> What is being asked
From the material below, please set down exactly the lines starting with the one with "Impressão Em Tela" and going on through the one with "Avenida Governador Teobaldo", without a single picture.

> Data
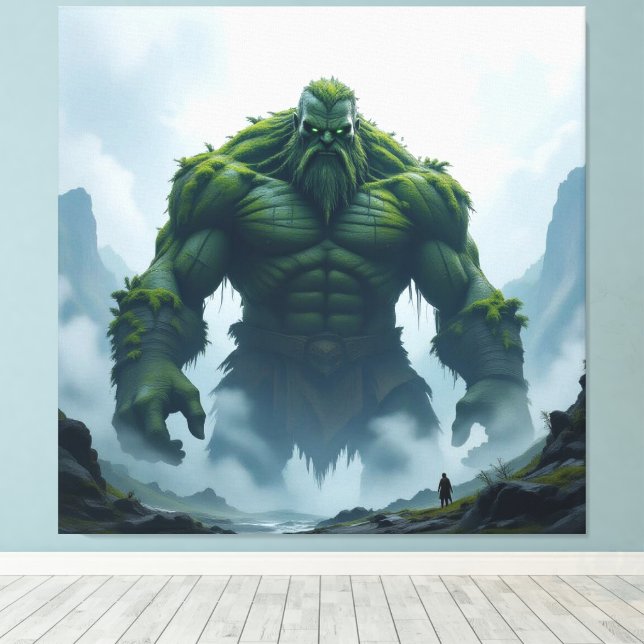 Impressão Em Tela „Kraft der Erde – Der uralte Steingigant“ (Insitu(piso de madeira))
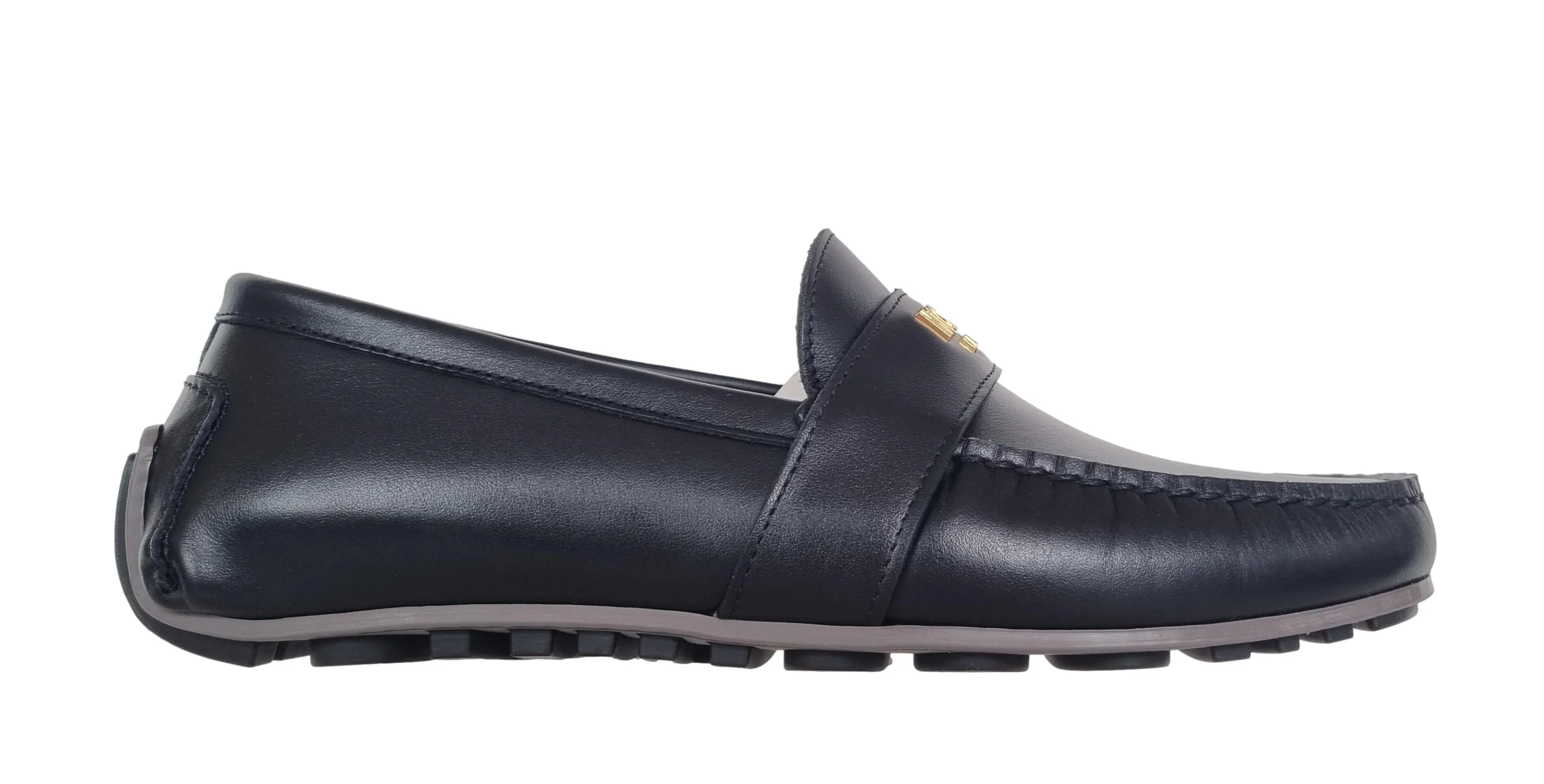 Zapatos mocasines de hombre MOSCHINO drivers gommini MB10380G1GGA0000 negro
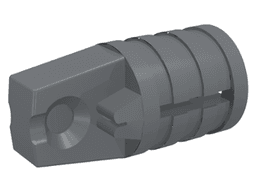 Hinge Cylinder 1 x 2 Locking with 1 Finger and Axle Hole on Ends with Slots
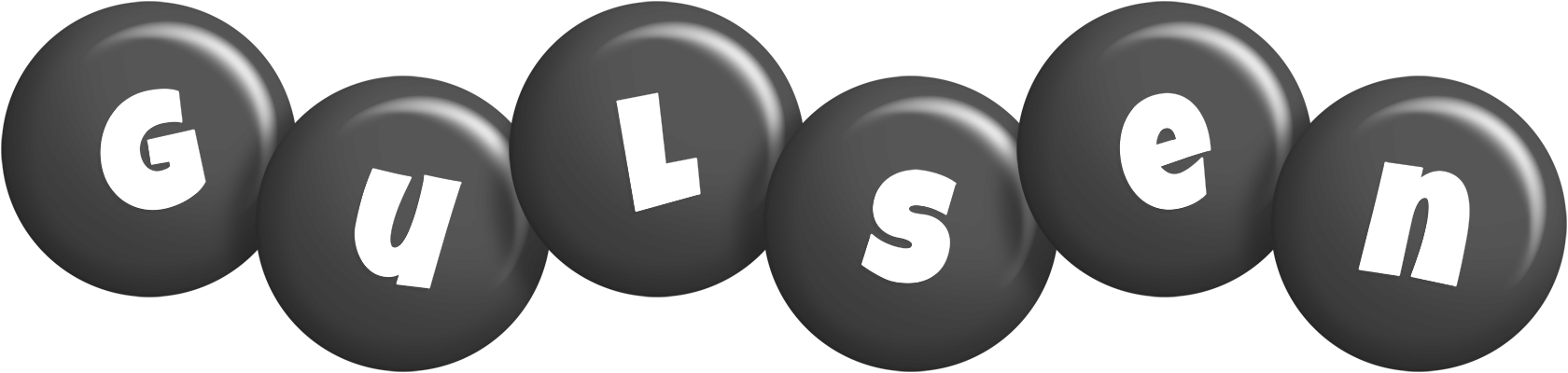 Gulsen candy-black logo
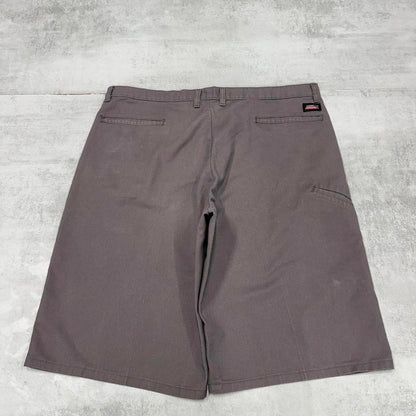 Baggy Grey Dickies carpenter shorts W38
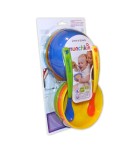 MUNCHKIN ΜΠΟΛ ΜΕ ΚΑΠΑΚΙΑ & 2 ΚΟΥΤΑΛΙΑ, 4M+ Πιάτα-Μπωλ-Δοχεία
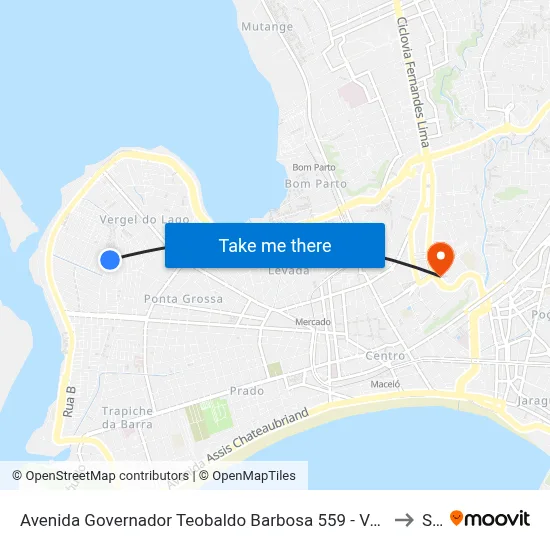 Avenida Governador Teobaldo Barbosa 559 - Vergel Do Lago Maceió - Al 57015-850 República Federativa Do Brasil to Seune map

---

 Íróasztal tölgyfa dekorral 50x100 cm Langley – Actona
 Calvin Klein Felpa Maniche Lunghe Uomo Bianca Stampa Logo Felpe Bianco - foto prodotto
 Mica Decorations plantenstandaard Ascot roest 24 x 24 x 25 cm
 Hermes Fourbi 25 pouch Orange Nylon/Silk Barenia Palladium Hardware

> Answer area
 Impressão Em Tela „Kraft der Erde – Der uralte Steingigant“ (Insitu(piso de madeira))
 Zapatos mocasines de hombre MOSCHINO drivers gommini MB10380G1GGA0000 negro
 Hinge Cylinder 1 x 2 Locking with 1 Finger and Axle Hole on Ends with Slots
 Gulsen candy-black logo
 Baggy Grey Dickies carpenter shorts W38
 MUNCHKIN ΜΠΟΛ ΜΕ ΚΑΠΑΚΙΑ & 2 ΚΟΥΤΑΛΙΑ, 4M+ Πιάτα-Μπωλ-Δοχεία
 Avenida Governador Teobaldo Barbosa 559 - Vergel Do Lago Maceió - Al 57015-850 República Federativa Do Brasil to Seune map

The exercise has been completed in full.